■ To do ■
Begin at the line below that has "Why Do Legs Swell in Older Adults?". Stop after the line that has "5 days post", repeating each line exactly and leaving out the pictures.

■ Input ■
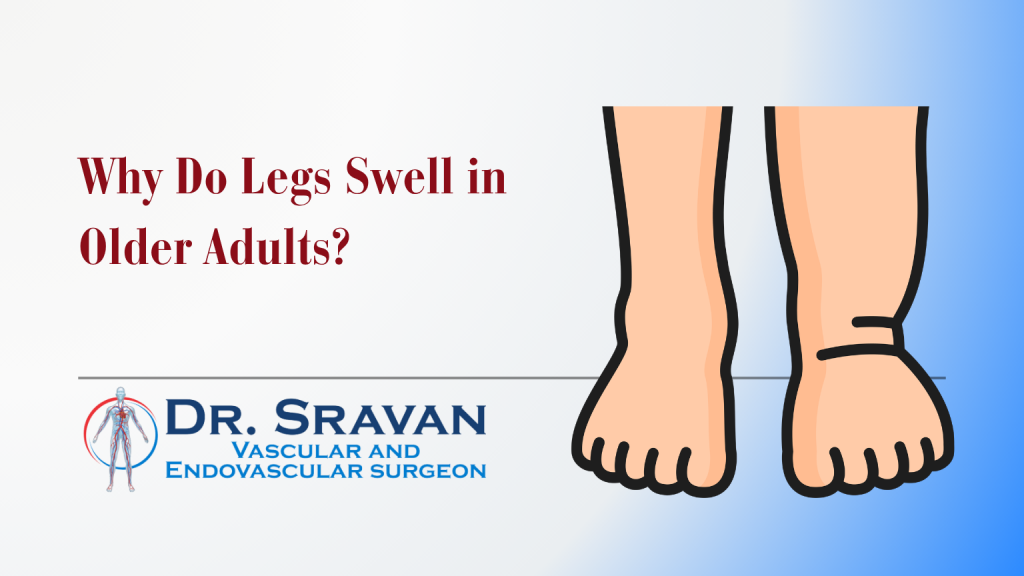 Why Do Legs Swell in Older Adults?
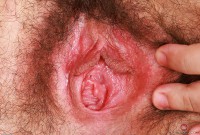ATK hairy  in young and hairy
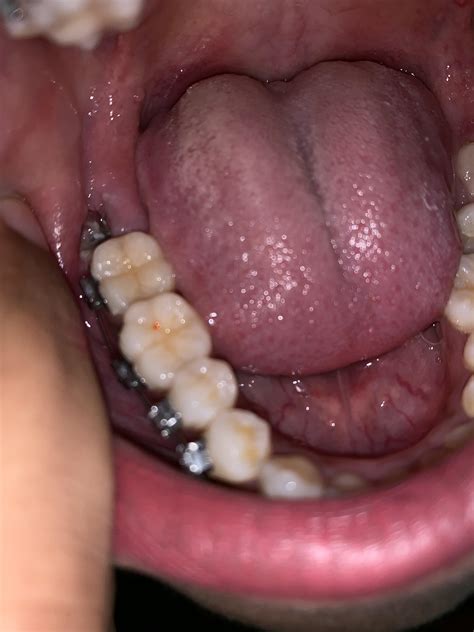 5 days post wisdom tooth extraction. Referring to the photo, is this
...
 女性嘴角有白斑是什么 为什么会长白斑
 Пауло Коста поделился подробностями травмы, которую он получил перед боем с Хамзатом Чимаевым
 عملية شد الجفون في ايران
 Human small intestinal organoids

■ Written answer ■
 Why Do Legs Swell in Older Adults?
ATK hairy  in young and hairy
 5 days post wisdom tooth extraction. Referring to the photo, is this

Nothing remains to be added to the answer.